#### AVAILABLE DATA ####

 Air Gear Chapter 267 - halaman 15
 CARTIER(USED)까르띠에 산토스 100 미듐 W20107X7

####
#### AVAILABLE DATA ####

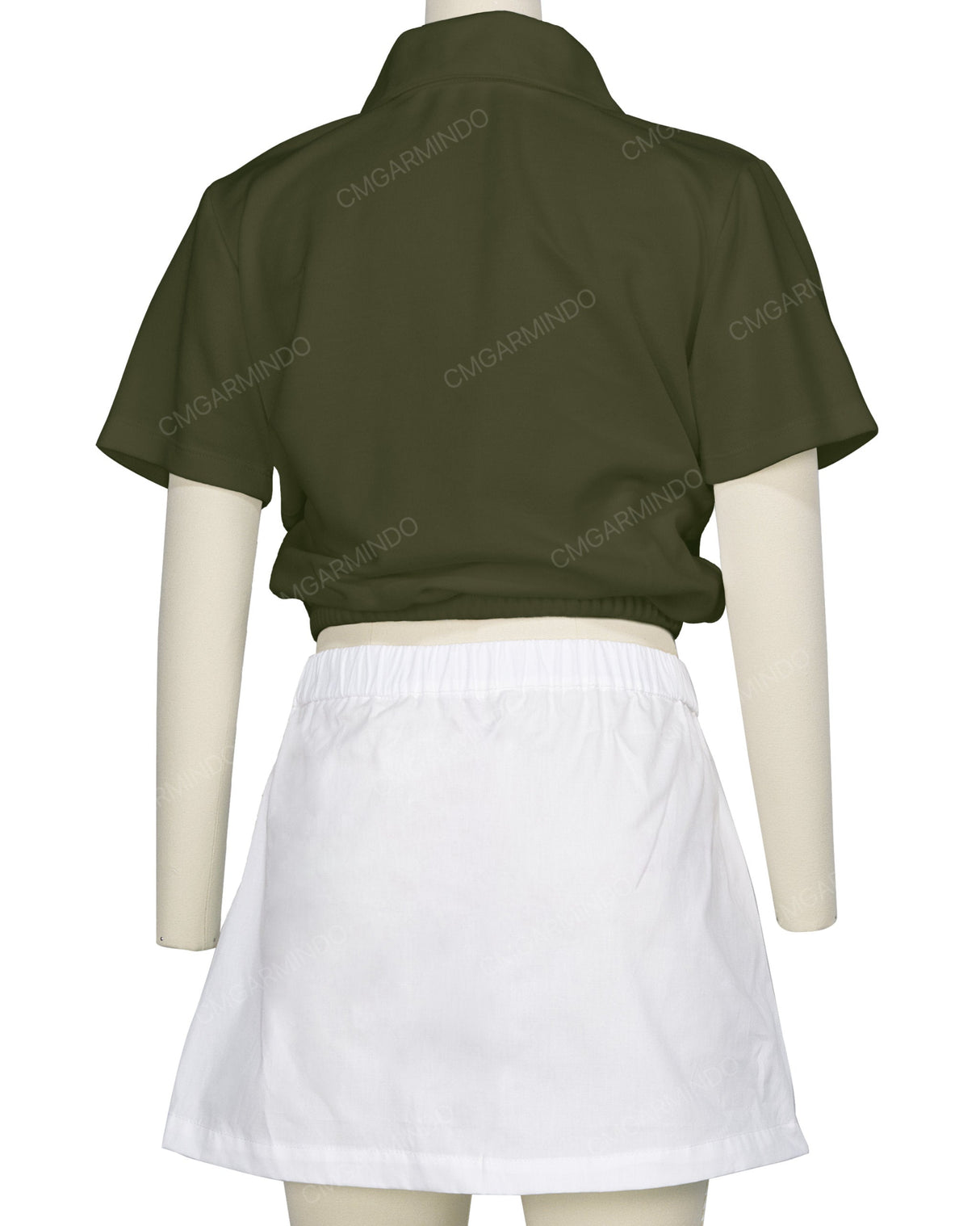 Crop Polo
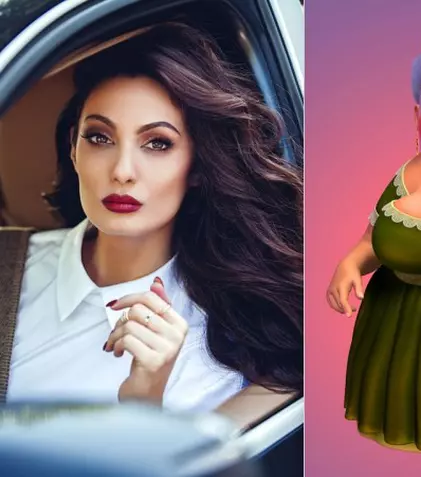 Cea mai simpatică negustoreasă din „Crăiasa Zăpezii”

####

Could you transcribe the entries above word for word, from the line with "Air Gear Chapter 267 - halaman 15" down to the line with "CARTIER(USED)까르띠에 산토스 100 미듐 W20107X7", keeping both?

 Air Gear Chapter 267 - halaman 15
 CARTIER(USED)까르띠에 산토스 100 미듐 W20107X7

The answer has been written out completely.